▸ Task prompt
Please repeat the lines below exactly. Begin with the line containing "EUROREPAR 1612060880 - Ķīļrievu" and go on through the line containing "București: PMB investește".

▸ Source data
:::::
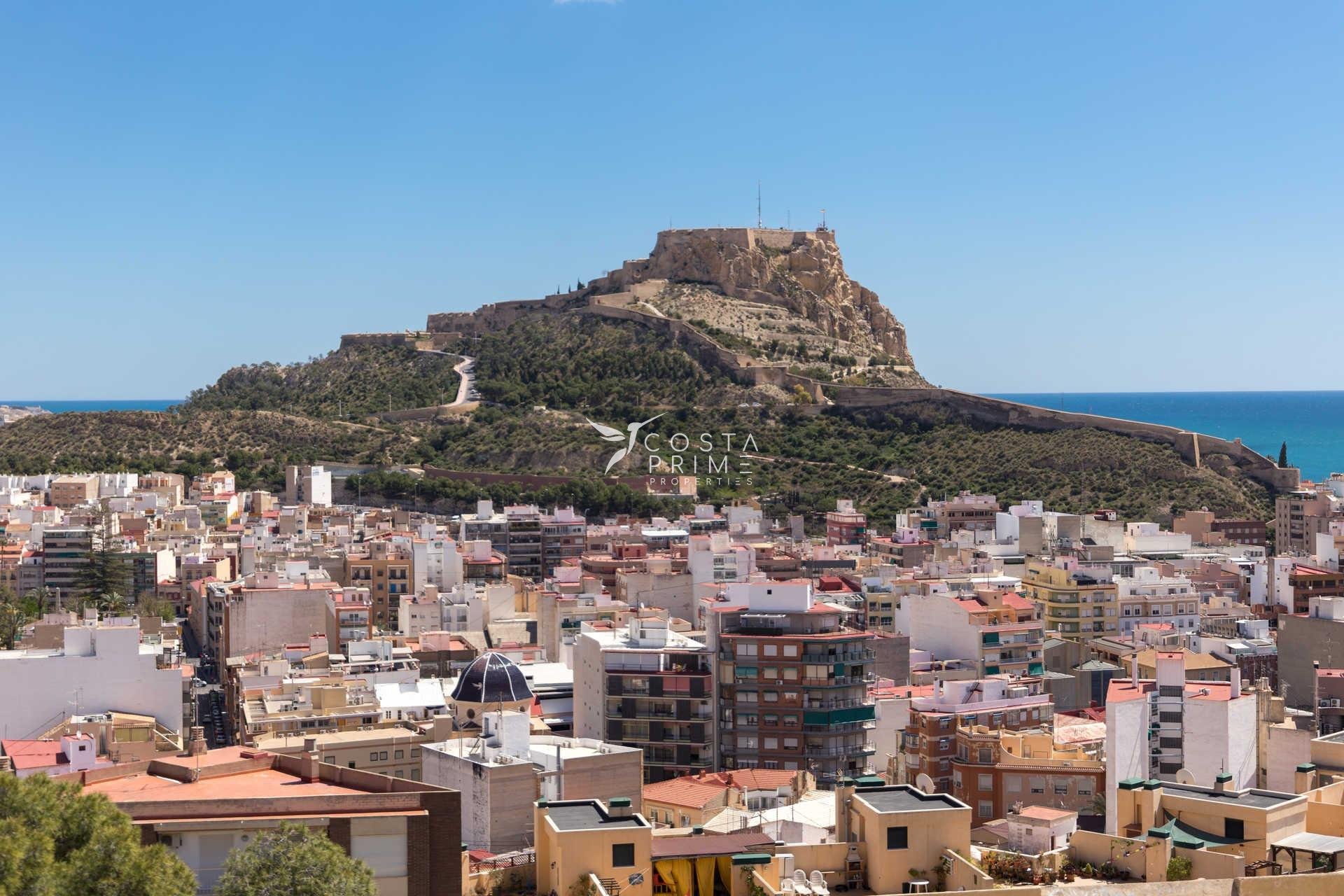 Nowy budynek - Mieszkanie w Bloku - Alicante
:::::
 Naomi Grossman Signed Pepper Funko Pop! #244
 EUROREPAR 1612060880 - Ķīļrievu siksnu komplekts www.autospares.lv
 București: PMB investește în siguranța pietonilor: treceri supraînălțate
:::::
▸ Expected output
 EUROREPAR 1612060880 - Ķīļrievu siksnu komplekts www.autospares.lv
 București: PMB investește în siguranța pietonilor: treceri supraînălțate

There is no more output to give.